Content starts

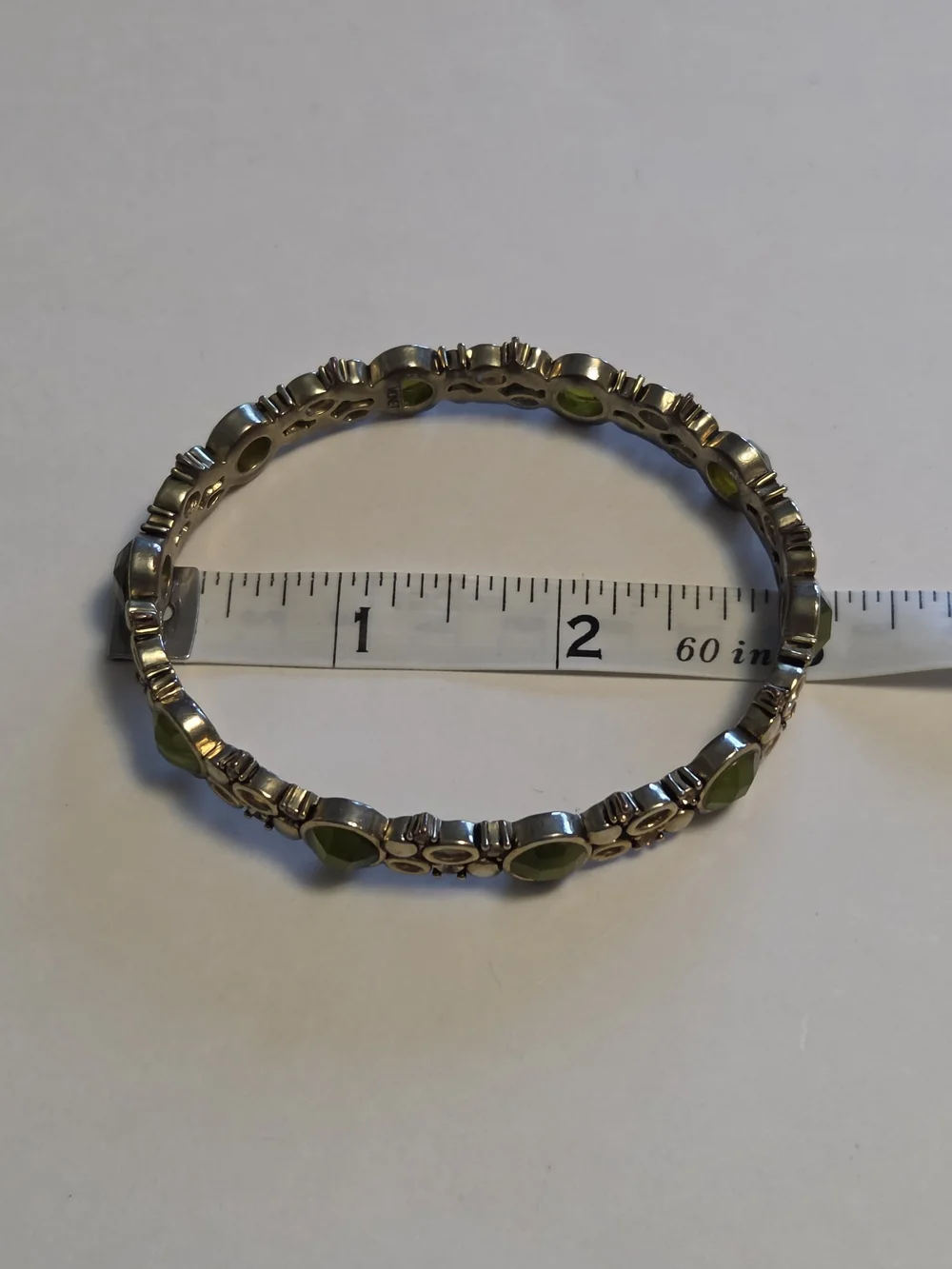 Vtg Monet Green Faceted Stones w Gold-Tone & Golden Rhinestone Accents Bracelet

Content ends
Content starts

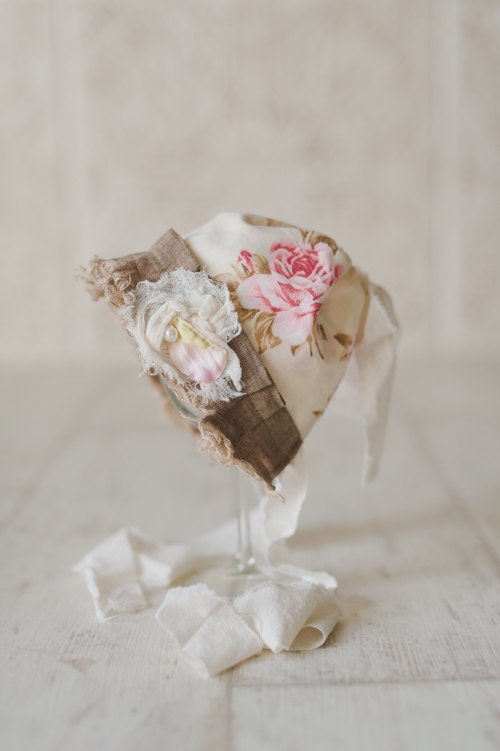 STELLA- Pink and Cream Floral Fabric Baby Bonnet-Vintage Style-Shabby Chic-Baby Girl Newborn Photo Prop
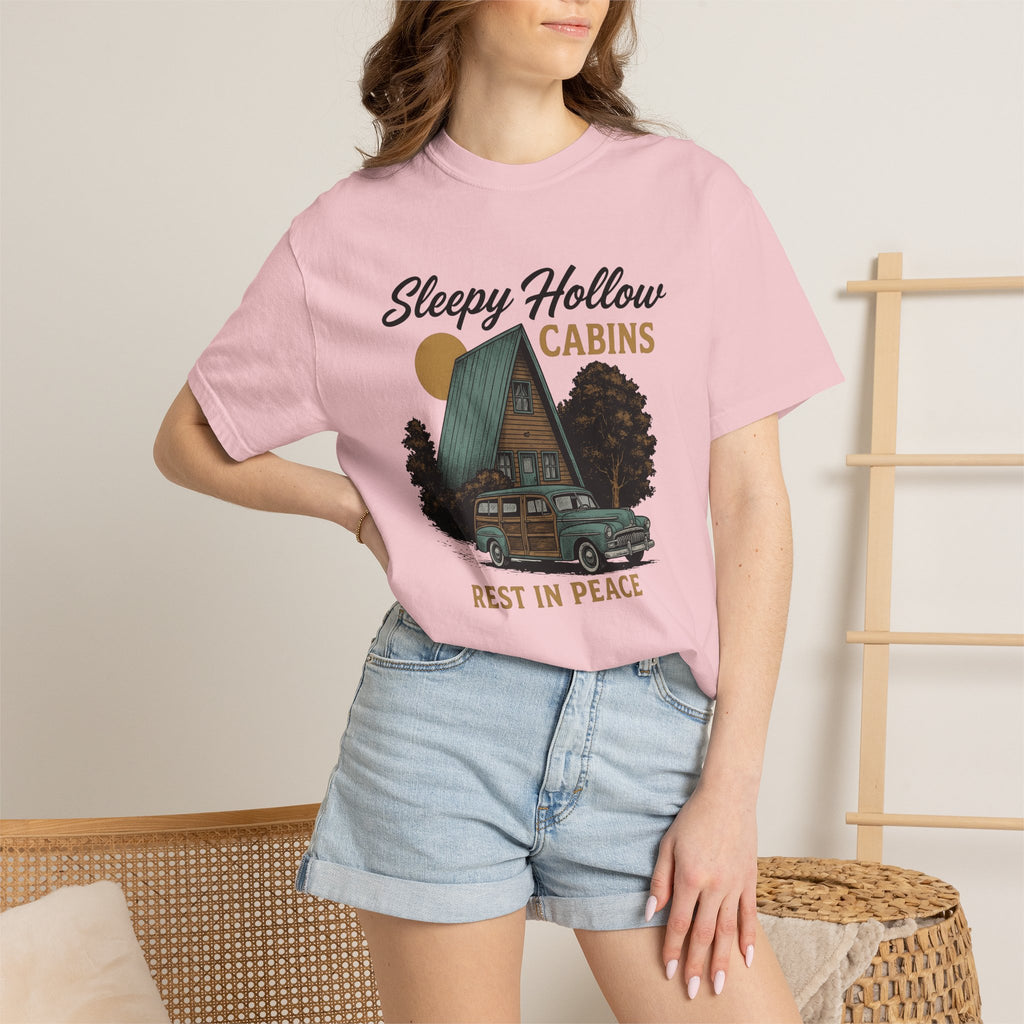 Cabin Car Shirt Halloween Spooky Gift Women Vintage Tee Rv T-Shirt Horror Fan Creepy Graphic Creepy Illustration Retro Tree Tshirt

Content ends
Content starts

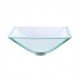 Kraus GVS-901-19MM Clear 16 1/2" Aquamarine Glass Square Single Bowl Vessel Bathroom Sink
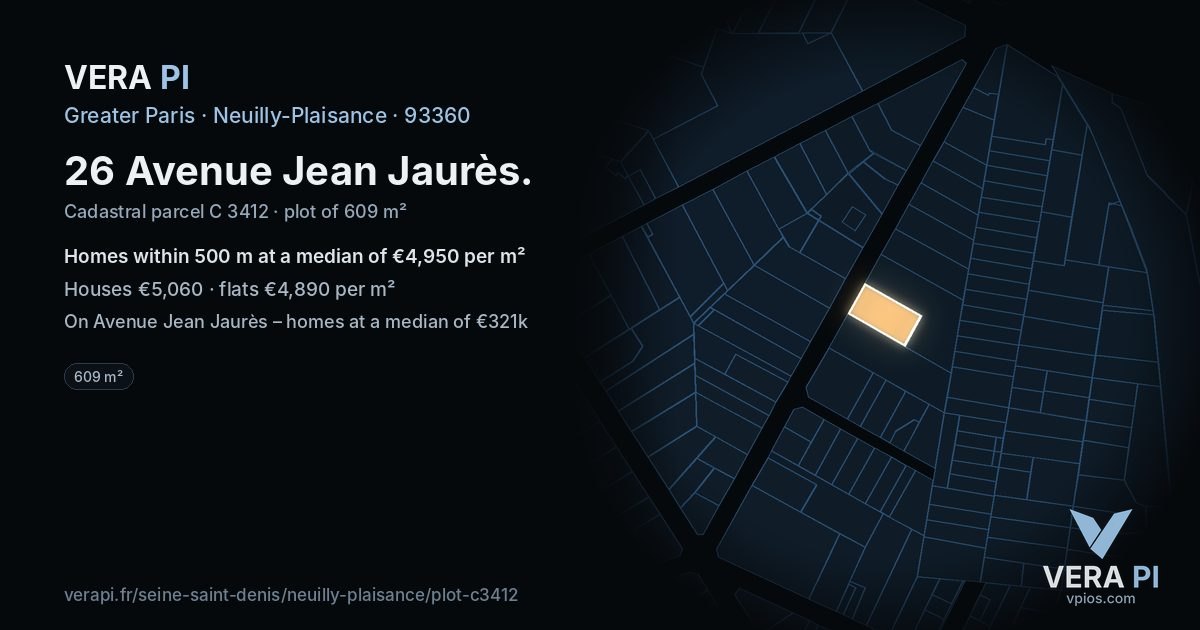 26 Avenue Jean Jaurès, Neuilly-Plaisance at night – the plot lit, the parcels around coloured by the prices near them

Content ends

## EXERCISE DIRECTIONS
From the data above, retype only the lines starting with the line with "Kraus GVS-901-19MM Clear" and going on through the line with "26 Avenue Jean", exactly, leaving out the pictures.

## WRITTEN ANSWER
 Kraus GVS-901-19MM Clear 16 1/2" Aquamarine Glass Square Single Bowl Vessel Bathroom Sink
 26 Avenue Jean Jaurès, Neuilly-Plaisance at night – the plot lit, the parcels around coloured by the prices near them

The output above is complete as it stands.